In a new chat with HEAVY, Max Cavalera talked about his decision to re-record two Sepultura albums and why he wanted to do so. Apparently, his goal wasn’t simply to fix the ‘mistakes.’
“[It was] kind of like a chance to do it again, but do it better, kind of not really fix the mistakes, ‘cause I think the mistakes were kind of cool, but make the stuff sound better,” the rocker revealed. “We had a chance to have better guitar, better drum sound, a better studio, surrounded by knowledgeable metal people that know how to record this stuff.”
“None of those things were available when we made those records in Brazil,” he continued. “We were on our own. The engineers didn’t know what to do, and it was like no man’s land making these records in Brazil. So we had a chance to redo them and redo them the way we envisioned them to sound. So the re-recordings is the way we, as musicians, think they should sound like, the re-recordings — that’s the proper way that we envisioned those songs. Even as kids, we were hoping to get the sound that we got on the re-recordings; this is what we were shooting for in the first place. So it’s really cool that we get the chance to do that.”
“A lot of bands don’t have the chance, don’t try it or they try and they fail. They don’t keep the energy and the anger of the original. We kept all that in check. We made sure it stays pissed. It’s full of piss and vinegar all the way through. So I think that’s why a lot of people love the re-recordings, man. The fans fricking love the re-recordings, and it’s really well received around the world,” he added.

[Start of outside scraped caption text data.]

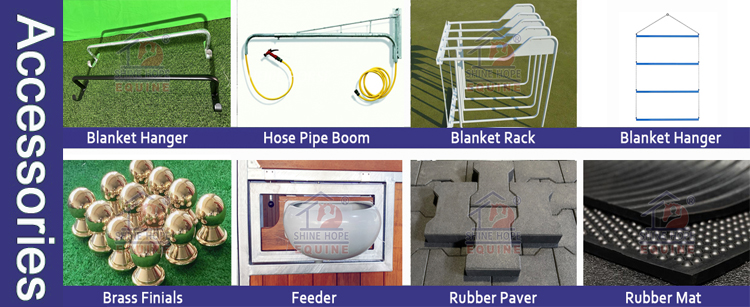 Premium stable hardware and optional features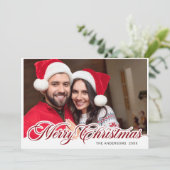 メリーモダンクリスマス4 PHOTO Greeting シーズンカード (スタンド正面)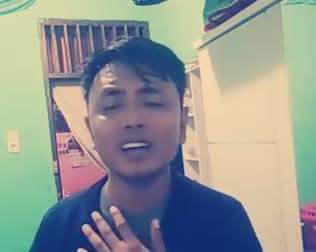 Nama Ahmadun Rasya asal Aceh Selatan provinsi Aceh usia 28 tahun lagu mengejar badai meggi z #Onlineauditionkdi2021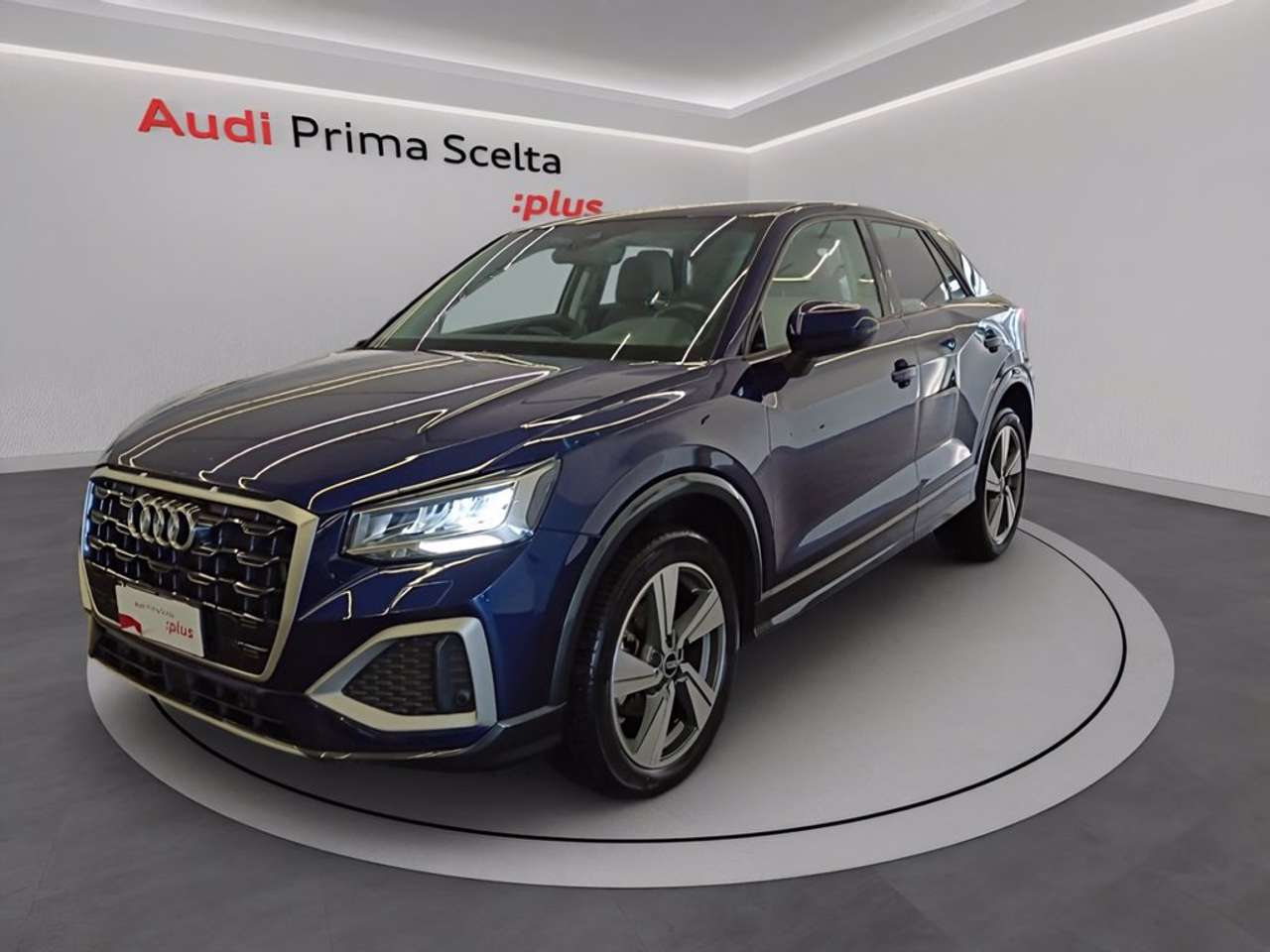 Audi Q2 35 1.5 tfsi admired advanced s-tronic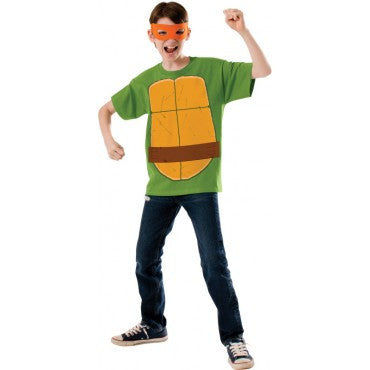 Boys Ninja Turtles Michelangelo Costume - HalloweenCostumes4U.com - Kids Costumes
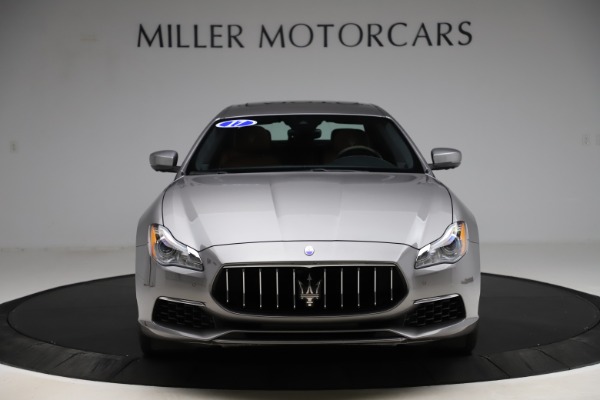 Used 2017 Maserati Quattroporte S Q4 GranLusso for sale Sold at Bentley Greenwich in Greenwich CT 06830 12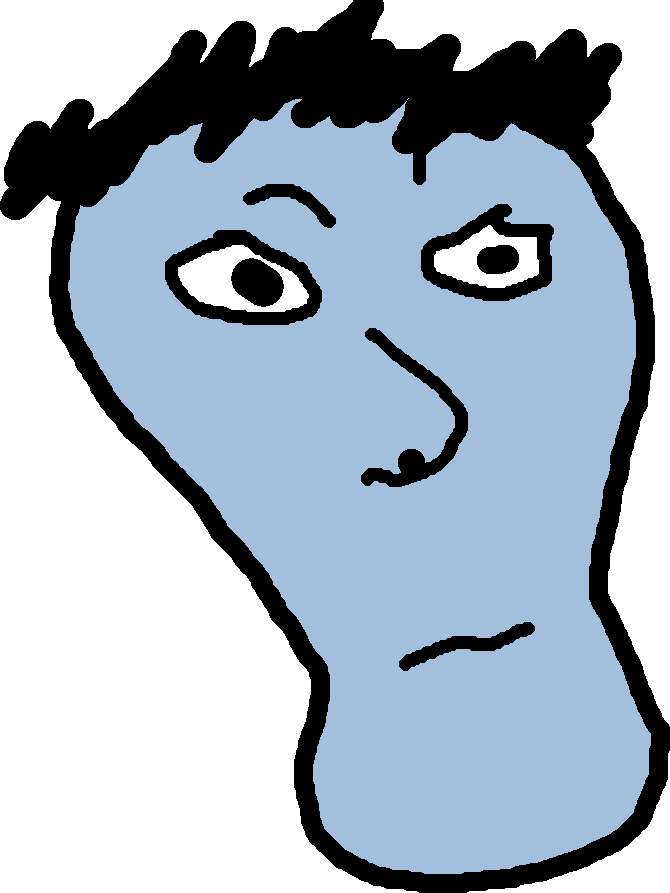 self-portrait of author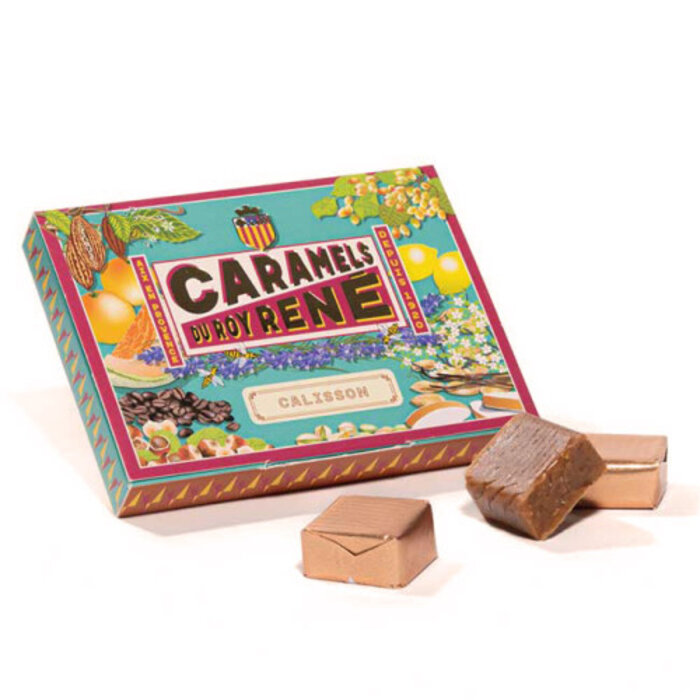 - Karamellbonbons Calissons (Mandelpaste), MHD15/05/24, 95g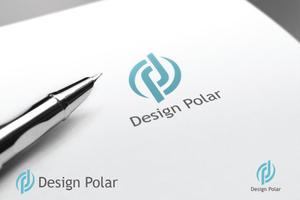 TanakaChigaruさんのインテリアデザイン事務所「Design Polar」のロゴへの提案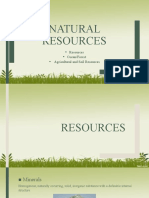 Natural Resources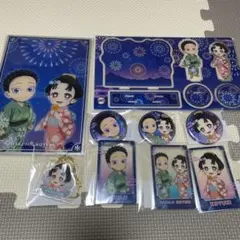 鬼滅の刃　花火大会2025 狛治と恋雪　WEBSHOPくじ　9点セット✨
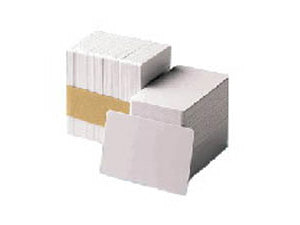 Zebra Premier PVC Card, 30 mil Low Coercivity Mag. Stripe (5 packs x 100) (2)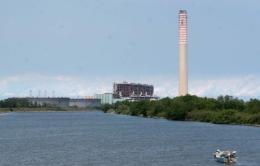 Vecchia centrale, demolizione completata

Max and Igor Cavalera re-recorded Sepultura’s early albums, ‘Morbid Visions’ and ‘Bestial Devastation,’ releasing them in May last year. While for the Cavalera brothers, it was an opportunity to ‘do it better,’ Andreas Kisser disagrees. “I mean, it’s a weird choice that they had. I think artistic value is zero,” Kisser said in a chat with IMPACT Metal Channel. “Maybe they’re going for some money or something, but there’s no reason to do something like that. […] But if they’re having a good time, so let it be. I don’t care, man. I just think it’s totally unnecessary. It’s really very disrespectful from themselves, for their own selves in the past.”
Kisser also questioned the Cavalera brothers’ reasoning. “It’s weird to see a guy [Max] who always says, ‘Oh, I did this,’ ‘I did all that,’ ‘I’m so creative,’ and ‘I did everything by myself,’ and doing this shit, like re-recording riffs that we did 30, 40 years ago. It doesn’t click, the rhetoric with the example. But whatever. I just don’t think that — the artistic value is zero.”
Cavalera later subtly responded to Kisser’s comments. “I think the way we approach it was really cool too because I think what we did was me and Igor [Cavalera] just did the thing the way we always do our whole life. I put a mic in the middle of the room, I got my guitar and Igor is right in front of me, and like one two three go live. That’s the brother magic right there. We didn’t break that and I think that’s in the center of the recordings,” the rocker said during a chat with Everblack Podcast.
In other news, Cavalera recently talked about reuniting with Sepultura, saying he’s open to a reunion, but hasn’t been approached about it yet.